Brad Brownell kept his job.

Such is the disparate state of affairs at Clemson, where relevance comes with a complicated definition. Not that the Tigers are unique. Plenty of basketball programs across the country are fighting for air space and attention on their own campuses, dwarfed by the mighty shadow of the pigskin.

But this season the contrast is especially stark at Clemson.

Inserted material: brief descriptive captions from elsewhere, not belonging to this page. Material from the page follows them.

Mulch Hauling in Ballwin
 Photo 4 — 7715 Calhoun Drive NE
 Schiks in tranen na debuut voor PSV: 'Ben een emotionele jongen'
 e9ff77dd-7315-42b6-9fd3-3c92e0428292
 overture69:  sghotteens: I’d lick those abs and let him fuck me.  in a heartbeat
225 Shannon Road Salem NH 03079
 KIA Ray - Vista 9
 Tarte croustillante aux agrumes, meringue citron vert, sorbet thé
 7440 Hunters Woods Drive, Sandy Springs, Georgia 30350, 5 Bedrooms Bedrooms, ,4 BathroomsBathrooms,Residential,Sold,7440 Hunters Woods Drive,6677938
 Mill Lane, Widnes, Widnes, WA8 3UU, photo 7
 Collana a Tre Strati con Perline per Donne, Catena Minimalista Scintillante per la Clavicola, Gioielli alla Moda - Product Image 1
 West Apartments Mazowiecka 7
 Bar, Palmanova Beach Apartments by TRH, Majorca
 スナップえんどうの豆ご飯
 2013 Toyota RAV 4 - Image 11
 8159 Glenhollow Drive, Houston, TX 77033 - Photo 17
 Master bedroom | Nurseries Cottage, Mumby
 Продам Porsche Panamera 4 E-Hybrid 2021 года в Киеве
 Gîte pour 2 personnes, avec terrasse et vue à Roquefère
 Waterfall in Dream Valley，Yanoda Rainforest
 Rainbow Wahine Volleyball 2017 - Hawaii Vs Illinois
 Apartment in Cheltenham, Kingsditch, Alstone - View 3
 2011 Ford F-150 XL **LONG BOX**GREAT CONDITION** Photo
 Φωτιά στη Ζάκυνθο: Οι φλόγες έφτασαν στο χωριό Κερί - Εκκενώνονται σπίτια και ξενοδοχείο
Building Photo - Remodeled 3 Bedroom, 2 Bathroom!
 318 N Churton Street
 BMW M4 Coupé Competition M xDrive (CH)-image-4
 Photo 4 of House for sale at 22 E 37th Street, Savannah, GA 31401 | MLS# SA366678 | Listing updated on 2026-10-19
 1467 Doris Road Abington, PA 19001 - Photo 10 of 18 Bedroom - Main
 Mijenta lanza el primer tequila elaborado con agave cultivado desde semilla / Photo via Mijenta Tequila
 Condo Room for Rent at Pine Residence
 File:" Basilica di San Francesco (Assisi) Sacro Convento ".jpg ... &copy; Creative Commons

While Swinney basked in the after glory of that title, Brownell endured the scorch of the hot seat, keeping his gig only after athletic director Dan Radakovich put out a statement that included this sentiment: “We expect Brad to make changes in the program to better position us for success.’’

David Allio/Icon SportswireBrad Brownell will be looking to lead Clemson to its first NCAA tournament appearance in seven seasons.

That meant buh-bye to Brownell’s longtime right-hand man, Mike Winiecki, who had served Brownell for some 14 years, and a still-to-be-determined change in philosophy for Clemson. Brownell said he intends to employ the use of a sports psychologist and work to better the Tigers defensively.

The real goal is to simply win more games. Clemson finished 17-16 overall and 6-12 in the ACC last season, and while five of those losses came by three points or fewer, they still go down on the wrong side of the ledger. And that was with Jaron Blossomgame on the court. Failing to ride Blossomgame’s talent to an NCAA berth ranked as one of the reasons Brownell found himself the subject of dismissal rumors.

Now he tries to forge ahead and claim that elusive NCAA bid for the first time since 2011 without Blossomgame and sharpshooting Avry Holmes. There are places to turn, as Brownell has made heavy use of the transfer market.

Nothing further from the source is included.